INPUT RECORDS:
..........

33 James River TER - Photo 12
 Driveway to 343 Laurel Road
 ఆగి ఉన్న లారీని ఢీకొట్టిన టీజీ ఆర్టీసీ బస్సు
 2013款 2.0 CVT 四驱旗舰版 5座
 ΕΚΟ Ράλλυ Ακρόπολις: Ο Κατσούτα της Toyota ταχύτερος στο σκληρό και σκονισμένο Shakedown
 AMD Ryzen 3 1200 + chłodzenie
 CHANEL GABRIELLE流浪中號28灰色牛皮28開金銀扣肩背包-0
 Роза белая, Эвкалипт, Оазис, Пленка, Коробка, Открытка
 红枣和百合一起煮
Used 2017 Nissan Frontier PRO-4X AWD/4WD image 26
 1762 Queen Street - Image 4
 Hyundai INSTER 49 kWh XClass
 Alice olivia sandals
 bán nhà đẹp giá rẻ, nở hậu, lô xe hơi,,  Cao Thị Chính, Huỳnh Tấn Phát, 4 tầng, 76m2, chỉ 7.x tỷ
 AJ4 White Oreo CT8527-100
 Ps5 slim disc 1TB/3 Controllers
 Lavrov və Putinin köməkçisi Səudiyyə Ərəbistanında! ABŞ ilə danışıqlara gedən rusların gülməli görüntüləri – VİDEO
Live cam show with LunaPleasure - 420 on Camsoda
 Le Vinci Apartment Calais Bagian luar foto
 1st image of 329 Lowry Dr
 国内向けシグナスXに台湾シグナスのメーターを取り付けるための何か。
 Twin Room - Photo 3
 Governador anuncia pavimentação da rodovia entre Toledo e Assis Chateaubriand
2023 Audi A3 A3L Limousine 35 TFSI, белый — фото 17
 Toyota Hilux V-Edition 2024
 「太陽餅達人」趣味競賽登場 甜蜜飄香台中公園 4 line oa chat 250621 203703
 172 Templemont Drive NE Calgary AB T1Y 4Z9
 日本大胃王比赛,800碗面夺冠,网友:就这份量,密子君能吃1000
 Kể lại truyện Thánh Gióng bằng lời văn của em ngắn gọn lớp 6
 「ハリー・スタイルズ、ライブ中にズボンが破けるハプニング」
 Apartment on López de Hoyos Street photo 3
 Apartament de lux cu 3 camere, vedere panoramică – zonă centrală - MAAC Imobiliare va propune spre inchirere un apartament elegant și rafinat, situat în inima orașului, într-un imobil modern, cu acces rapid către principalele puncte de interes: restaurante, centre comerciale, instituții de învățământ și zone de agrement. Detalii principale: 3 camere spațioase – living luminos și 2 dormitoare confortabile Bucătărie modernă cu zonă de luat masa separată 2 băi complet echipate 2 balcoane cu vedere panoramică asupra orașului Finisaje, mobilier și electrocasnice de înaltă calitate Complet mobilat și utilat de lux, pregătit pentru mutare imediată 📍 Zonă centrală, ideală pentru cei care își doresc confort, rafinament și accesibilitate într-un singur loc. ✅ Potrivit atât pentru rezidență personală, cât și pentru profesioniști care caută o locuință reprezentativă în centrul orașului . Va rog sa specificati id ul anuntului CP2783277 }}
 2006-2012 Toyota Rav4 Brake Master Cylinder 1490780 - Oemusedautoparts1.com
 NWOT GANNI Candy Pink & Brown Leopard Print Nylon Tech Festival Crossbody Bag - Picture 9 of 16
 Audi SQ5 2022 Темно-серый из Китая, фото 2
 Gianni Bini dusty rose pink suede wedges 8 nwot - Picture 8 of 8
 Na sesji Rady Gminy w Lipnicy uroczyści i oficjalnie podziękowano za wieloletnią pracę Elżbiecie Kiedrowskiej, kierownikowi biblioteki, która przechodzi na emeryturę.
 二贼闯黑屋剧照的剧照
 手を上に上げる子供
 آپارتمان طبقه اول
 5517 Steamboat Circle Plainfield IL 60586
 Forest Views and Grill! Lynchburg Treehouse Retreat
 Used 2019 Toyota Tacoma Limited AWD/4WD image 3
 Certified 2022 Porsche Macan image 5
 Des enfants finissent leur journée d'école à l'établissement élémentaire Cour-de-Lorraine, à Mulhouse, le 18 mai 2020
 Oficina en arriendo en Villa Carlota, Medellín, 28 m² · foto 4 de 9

..........

WORK INSTRUCTIONS: Return each line from the records that includes the word "Toyota".

TASK RESPONSE:
 ΕΚΟ Ράλλυ Ακρόπολις: Ο Κατσούτα της Toyota ταχύτερος στο σκληρό και σκονισμένο Shakedown
 Toyota Hilux V-Edition 2024
 2006-2012 Toyota Rav4 Brake Master Cylinder 1490780 - Oemusedautoparts1.com
 Used 2019 Toyota Tacoma Limited AWD/4WD image 3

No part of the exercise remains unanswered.